Figure 1: Percent Tool Use, by PIVOT Training Participation
Nearly all respondents (97%) indicated they believed their internet skills were adequate to teach their course(s) and posting and receiving assignments worked smoothly (91%). As illustrated by Figure 2, of those who sought support during the Fall2020 term, the majority (63%) submitted a ticket through UMBC’s request tracker system. Around half of respondents also gained assistance through PIVOT training or from their colleagues.
Figure 2: Percent of Respondents Leveraging Resource
The qualitative comments followed several primary themes, one of which was a concern for the quality of online instruction compared with traditional f2f instruction. In general, the harshest criticisms appeared to originate from instructors who did not participate in PIVOT. These qualitative descriptions complement the quantitative data, which indicate 63% percent of instructors would most like additional improvements to support Learner Engagement, while 45% of instructors would like to get a better handle on the best tools to fit their unique instructional needs. Additionally, there were voiced for the tools that were available for instruction, both articulated as there being too many choices and not the correct ones for their interests, particularly around synchronous instruction (e.g., disapproving of Bb Collaborate or WebEx while lauding Zoom or Google). Another area of concern was physical access to technology for both students and instructors. This element is echoed in the likert-type data, where 20% did not agree with the evaluation that the technology available to them during the fall was sufficient for teaching synchronously (e.g., students’ use of Chromebooks, lack of web cameras, or poor internet access).

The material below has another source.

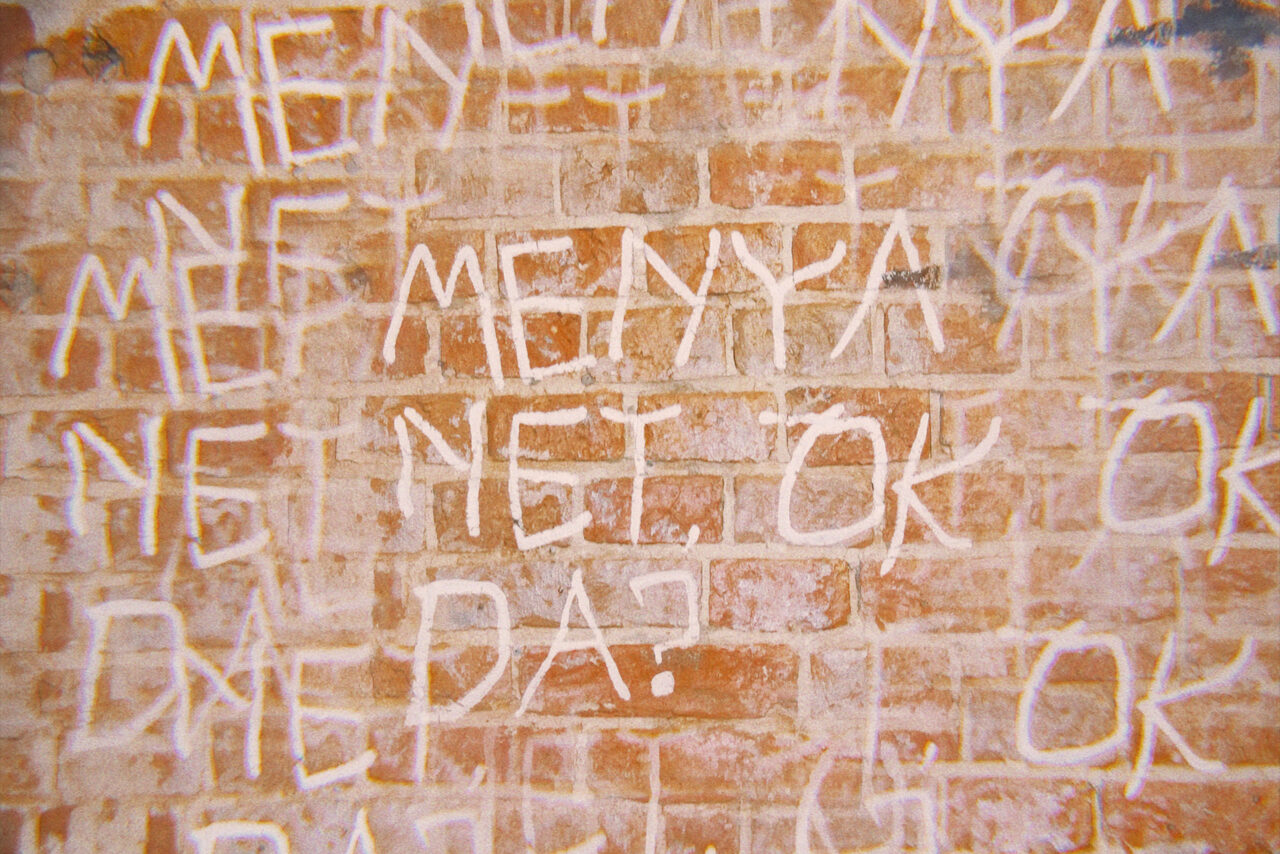 Арендовать Винный бар “Дело не в вине”. Кирпичная стена с надписями белой краской, включая слова "МЕНЯ", "НЕТ", "OK", "ГДЕ?". Текст выполнен крупными небрежными буквами, фон состоит из стандартной красно-коричневой кирпичной кладки.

However there were also many comments supporting the transition to away from fully f2f instruction, as exemplified by the Professor Adler’s quote at the top of this summary. Respondents voiced their appreciation for the support they received transitioning online, or described how they were able to grow pedagogically in online spaces and hoped to carry forward these new knowledges, skills, and abilities (KSAs) to their instruction once the university eventually moves back to some semblance of normal.